Though it’s lost much of its edge since the days when starving artists squatted in the neighborhood’s then-abandoned (but now historically preserved) cast-iron industrial buildings, SoHo — short for South of Houston — still draws the young, beautiful, and moneyed in droves. Here are the design-conscious neighborhood’s best boutique hotels.
Tucked away on a quiet cobblestoned street one block from Broadway, the 86-room, 11-story Crosby Street Hotel stands out among lower Manhattan's increasingly crowded market of downtown boutiques. Its design team clearly paid obsessive attention to color, texture, and detail -- from the 10-foot-high Jaume Plensa sculpture in the lobby to the deep sofas in the drawing room to the textured wallpaper in the rooms, the hotel is beautiful. With standard rooms starting at 340 square feet, the Crosby's rooms are significantly more spacious than the 240-square-foot rooms at the nearby Mercer. They're also significantly more expensive.
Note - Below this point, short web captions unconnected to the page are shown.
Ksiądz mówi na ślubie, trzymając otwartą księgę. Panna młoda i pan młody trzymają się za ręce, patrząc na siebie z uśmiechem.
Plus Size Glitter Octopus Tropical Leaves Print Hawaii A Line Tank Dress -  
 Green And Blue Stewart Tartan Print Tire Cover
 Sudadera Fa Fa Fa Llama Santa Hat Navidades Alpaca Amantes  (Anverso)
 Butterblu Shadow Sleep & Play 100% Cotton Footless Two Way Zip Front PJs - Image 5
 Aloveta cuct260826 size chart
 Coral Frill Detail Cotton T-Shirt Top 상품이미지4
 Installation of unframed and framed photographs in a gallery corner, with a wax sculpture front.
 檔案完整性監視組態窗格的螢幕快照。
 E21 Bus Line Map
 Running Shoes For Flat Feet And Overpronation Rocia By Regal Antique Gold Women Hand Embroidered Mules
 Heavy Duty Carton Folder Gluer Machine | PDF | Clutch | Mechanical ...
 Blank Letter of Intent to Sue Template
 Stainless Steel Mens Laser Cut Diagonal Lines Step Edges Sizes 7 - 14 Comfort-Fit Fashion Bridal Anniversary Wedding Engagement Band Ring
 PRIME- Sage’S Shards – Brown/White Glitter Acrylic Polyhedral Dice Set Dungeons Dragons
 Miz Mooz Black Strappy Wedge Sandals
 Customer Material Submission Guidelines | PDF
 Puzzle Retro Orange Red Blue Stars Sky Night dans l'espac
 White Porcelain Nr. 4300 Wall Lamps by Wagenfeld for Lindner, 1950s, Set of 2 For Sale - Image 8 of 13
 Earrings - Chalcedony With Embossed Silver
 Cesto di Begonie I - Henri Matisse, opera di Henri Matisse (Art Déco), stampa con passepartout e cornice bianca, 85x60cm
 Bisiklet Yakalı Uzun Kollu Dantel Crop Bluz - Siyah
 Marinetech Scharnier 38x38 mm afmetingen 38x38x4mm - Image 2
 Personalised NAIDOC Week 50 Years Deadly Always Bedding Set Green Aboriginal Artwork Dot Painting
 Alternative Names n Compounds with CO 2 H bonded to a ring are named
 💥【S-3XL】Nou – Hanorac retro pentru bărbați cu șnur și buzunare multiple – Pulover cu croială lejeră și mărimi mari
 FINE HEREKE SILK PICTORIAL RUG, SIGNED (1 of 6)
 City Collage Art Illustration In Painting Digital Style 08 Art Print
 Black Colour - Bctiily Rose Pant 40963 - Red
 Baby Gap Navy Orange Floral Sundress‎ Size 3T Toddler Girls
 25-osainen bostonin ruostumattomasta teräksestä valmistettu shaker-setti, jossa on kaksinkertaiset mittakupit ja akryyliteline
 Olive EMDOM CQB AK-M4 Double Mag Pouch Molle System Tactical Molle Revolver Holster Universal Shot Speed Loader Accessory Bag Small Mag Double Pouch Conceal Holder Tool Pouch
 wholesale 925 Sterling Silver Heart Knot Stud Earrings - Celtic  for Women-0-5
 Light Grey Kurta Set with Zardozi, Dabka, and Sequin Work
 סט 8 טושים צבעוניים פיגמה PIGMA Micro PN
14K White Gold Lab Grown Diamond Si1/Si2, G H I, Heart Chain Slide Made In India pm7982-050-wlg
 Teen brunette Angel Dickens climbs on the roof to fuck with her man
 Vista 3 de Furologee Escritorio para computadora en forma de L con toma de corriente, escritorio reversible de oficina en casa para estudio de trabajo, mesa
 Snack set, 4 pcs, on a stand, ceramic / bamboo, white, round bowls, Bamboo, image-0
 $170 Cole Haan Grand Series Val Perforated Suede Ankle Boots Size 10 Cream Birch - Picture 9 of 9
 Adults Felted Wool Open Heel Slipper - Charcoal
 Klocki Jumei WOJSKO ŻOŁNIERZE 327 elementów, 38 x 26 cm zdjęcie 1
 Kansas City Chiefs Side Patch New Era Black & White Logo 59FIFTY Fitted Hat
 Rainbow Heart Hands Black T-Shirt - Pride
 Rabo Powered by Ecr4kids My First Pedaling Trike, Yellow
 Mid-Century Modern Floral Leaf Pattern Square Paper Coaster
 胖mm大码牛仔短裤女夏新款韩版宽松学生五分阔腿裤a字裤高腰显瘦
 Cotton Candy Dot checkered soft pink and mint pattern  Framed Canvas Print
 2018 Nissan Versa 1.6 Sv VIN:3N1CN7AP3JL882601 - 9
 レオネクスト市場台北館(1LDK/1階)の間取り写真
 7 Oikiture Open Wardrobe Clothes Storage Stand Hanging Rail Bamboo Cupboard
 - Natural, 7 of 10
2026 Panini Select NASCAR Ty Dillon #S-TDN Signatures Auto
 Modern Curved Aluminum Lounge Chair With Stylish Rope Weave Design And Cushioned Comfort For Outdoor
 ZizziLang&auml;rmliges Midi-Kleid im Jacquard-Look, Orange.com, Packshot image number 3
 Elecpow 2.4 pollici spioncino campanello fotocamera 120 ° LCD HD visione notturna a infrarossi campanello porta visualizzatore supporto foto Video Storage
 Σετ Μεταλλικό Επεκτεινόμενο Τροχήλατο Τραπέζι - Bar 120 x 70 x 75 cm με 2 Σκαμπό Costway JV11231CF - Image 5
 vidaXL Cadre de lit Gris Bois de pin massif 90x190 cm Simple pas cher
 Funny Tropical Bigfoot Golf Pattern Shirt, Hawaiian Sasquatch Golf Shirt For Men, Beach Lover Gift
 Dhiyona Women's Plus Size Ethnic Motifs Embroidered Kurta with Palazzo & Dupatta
The 114-room James New York may be located at the southwesternmost corner of Soho, but the hotel has adopted the neighborhood's character as its own, which you can see in its interior design (inspired by Soho's airy, formerly industrial lofts) and its use of local products. It also honors the neighborhood's cultural heritage as a hub for artists and other creative types: New York artist Matthew Jensen curates the hotel's art installations and the hotel purchases all of its books from a non-profit art bookstore and gallery. Some of these details might escape guests' attention, but others, like the free Wi-Fi and free lobby snacks (don't miss the free coffee and scones in the morning and wine and cheese in the afternoon), will not.
Celebrities, European tourists, West Coasters, business travelers, and local hipsters gravitate to this downtown hotel, known for its hip boho-industrial design and thrice-weekly DJ parties. At 353 rooms, Soho Grand is far larger than both the Crosby and the James (and what we would ordinarily consider a boutique hotel), but its chic interior design, youthful downtown vibe, and hip bar, lounge, and restaurant secure its place on this list.
In a city where the hottest new club or restaurant is lucky to have a six-month shelf life before reinvention is necessary, SIXTY SoHo has managed to stay relevant through the years for its discreet, accommodating service; stylish (but not flashy) rooms; and restaurant and bars that are able to back up their attitude and exclusivity with high-quality products. SIXTY has limited amenities (for example, it doesn't have a fitness center, like our first three picks), but the 86-room hotel's location amidst prime shopping, dining, and all-night debauchery helps keep the unassuming 13-story tower high on the cool meter.
Young, moneyed entertainment types, celebrities, and business travelers frequent this 75-room red-brick Romanesque revival building that sits in the heart of fashionable SoHo. Like other chi-chi celeb-friendly New York boutique hotels like the Crosby, the Mercer offers trendy design, exclusivity, and highly personalized service. The Christian Liaigre-designed lobby, featuring high 14-foot ceilings, doubles as a late-night lounge for young players in New York's entertainment and fashion industries. The on-site restaurant, renowned chef Jean-Georges Vongerichten's Mercer Kitchen, draws well-heeled customers with high-end, adventurous dishes. The rooms, with their steel doors, high ceilings, and understated design, feel like luxurious versions of the neighborhood's many studio lofts. But they're missing the numerous specialized details found in the James' minimalist rooms, such as natural linen bedspreads, turndown treats from local chocolatier Kee's, and floor heating in the bathrooms.
NoMo is a combination of "nostalgic" and "modern" and this 264-room hotel aims to have an aesthetic that unites the two. It has beautiful rooms with white-and-blue decor, high-tech amenities -- like large flat-screen TVs and iPads -- and floor-to-ceiling windows, many with jaw-dropping views. They're small, though, with entry-level units clocking in at 190 square feet (the Mercer's rooms start at 250 square feet). NoMo's fitness center, though small and in the basement, has state-of-the-art machines with personal screens and headphones. There's an on-site restaurant and bar in a pretty conservatory space with windowed ceilings.